### WHAT YOU SHOULD DO
Records follow. Print exactly the lines from the one that has "Sleek 3BR Urban Escape Hotels in Fusagasuga" through the one that has "Flame Of Recca Chapter 5 page 7", inclusive, and omit the pictures.

### ENTRIES PROVIDED
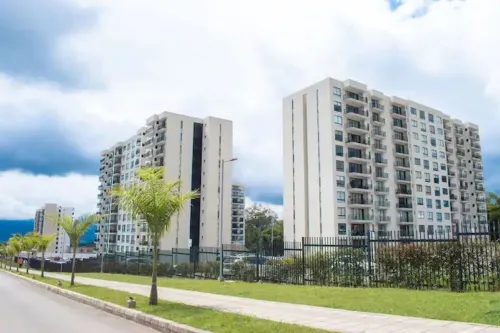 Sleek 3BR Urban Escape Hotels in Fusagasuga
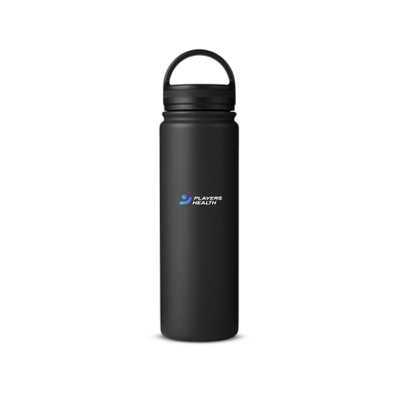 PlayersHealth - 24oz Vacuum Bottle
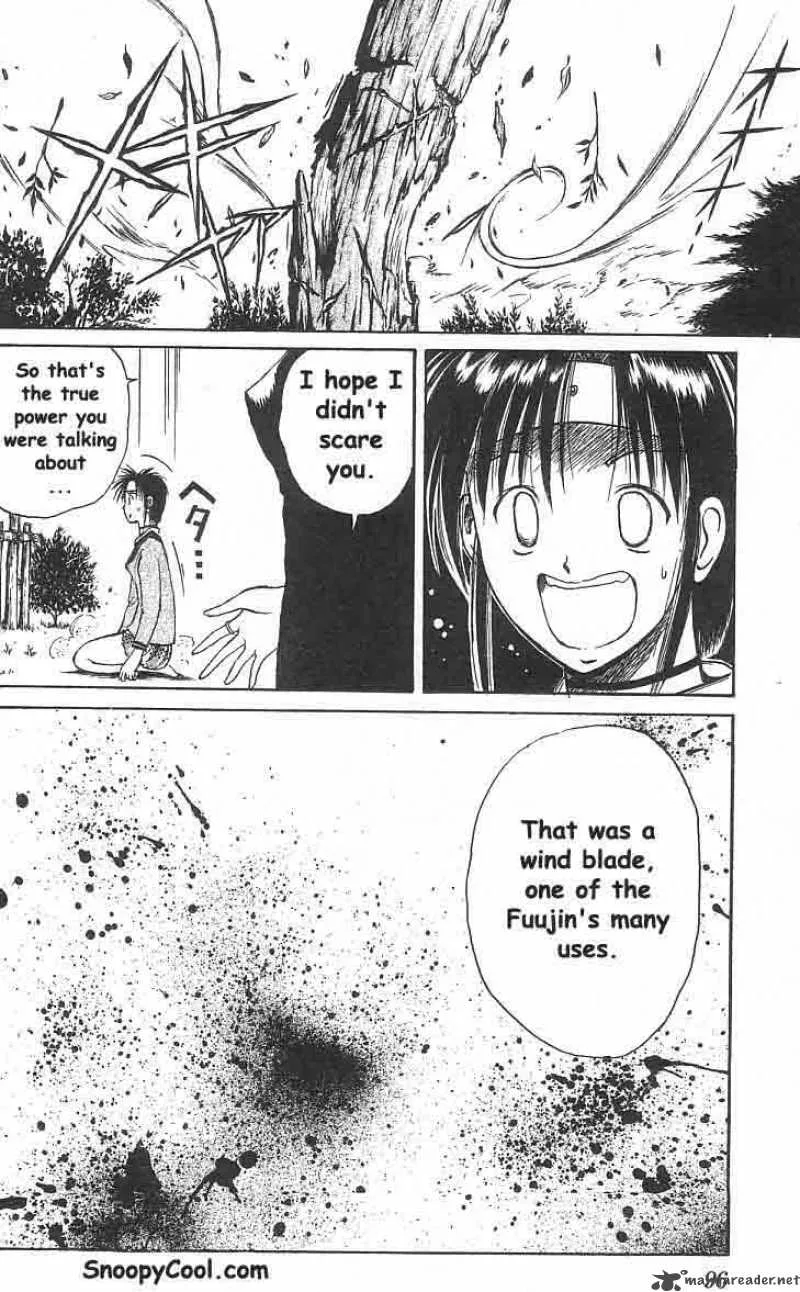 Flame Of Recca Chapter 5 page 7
...
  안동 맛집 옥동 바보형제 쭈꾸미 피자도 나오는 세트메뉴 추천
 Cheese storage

### ANSWER TO THIS EXERCISE
 Sleek 3BR Urban Escape Hotels in Fusagasuga
 PlayersHealth - 24oz Vacuum Bottle
 Flame Of Recca Chapter 5 page 7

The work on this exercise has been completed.